* **Description of the task**
In the reply, give back exactly the lines from the one with "Pyrausta bicoloralis Crambidae" through the last line of the records, without pictures.
======== Exercise data ========
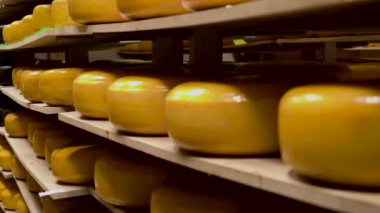 Bir mandıra fabrikasında peynir üretim atölyesi.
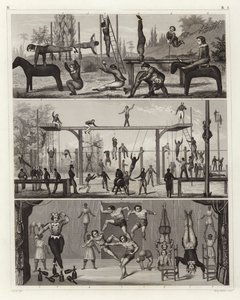 Ginástica e acrobacia (gravura) de German School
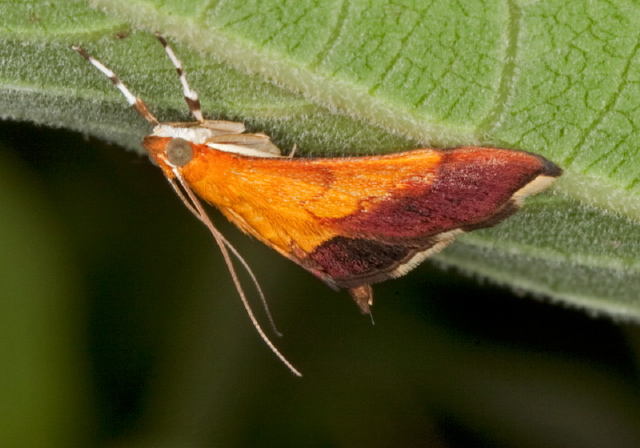 Pyrausta bicoloralis Crambidae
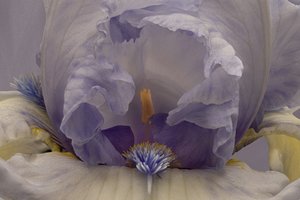 Iris lavanda suave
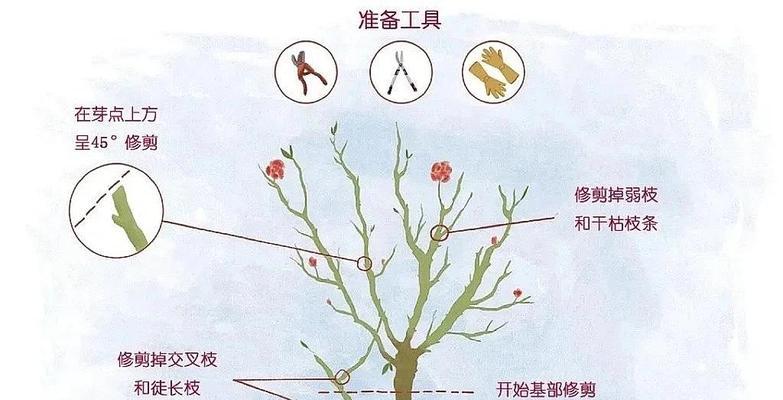 四季海棠修剪技巧，打造高大的植物风景（掌握关键步骤，让海棠生长壮观）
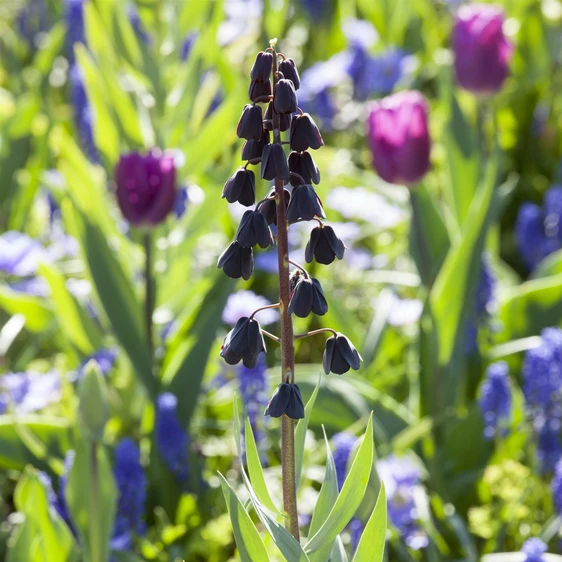 Fritillaria persica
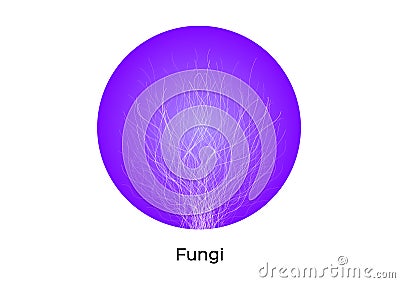 Fungi icon vector on white background Vector Illustration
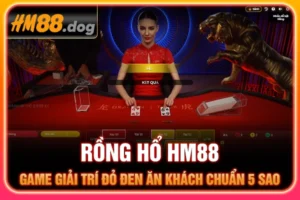 Rồng Hổ HM88 - Game Giải Trí Đỏ Đen Ăn Khách Chuẩn 5 Sao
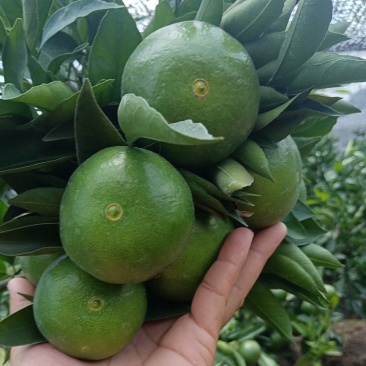 精品特早蜜橘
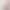 Skims Same Style Fits Everybody Panty Low-Waist Breathable Lace Rose Hip-Covering High-Elastic Underwear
========
* **Answer area**
 Pyrausta bicoloralis Crambidae
 Iris lavanda suave
 四季海棠修剪技巧，打造高大的植物风景（掌握关键步骤，让海棠生长壮观）
 Fritillaria persica
 Fungi icon vector on white background Vector Illustration
 Rồng Hổ HM88 - Game Giải Trí Đỏ Đen Ăn Khách Chuẩn 5 Sao
 精品特早蜜橘
 Skims Same Style Fits Everybody Panty Low-Waist Breathable Lace Rose Hip-Covering High-Elastic Underwear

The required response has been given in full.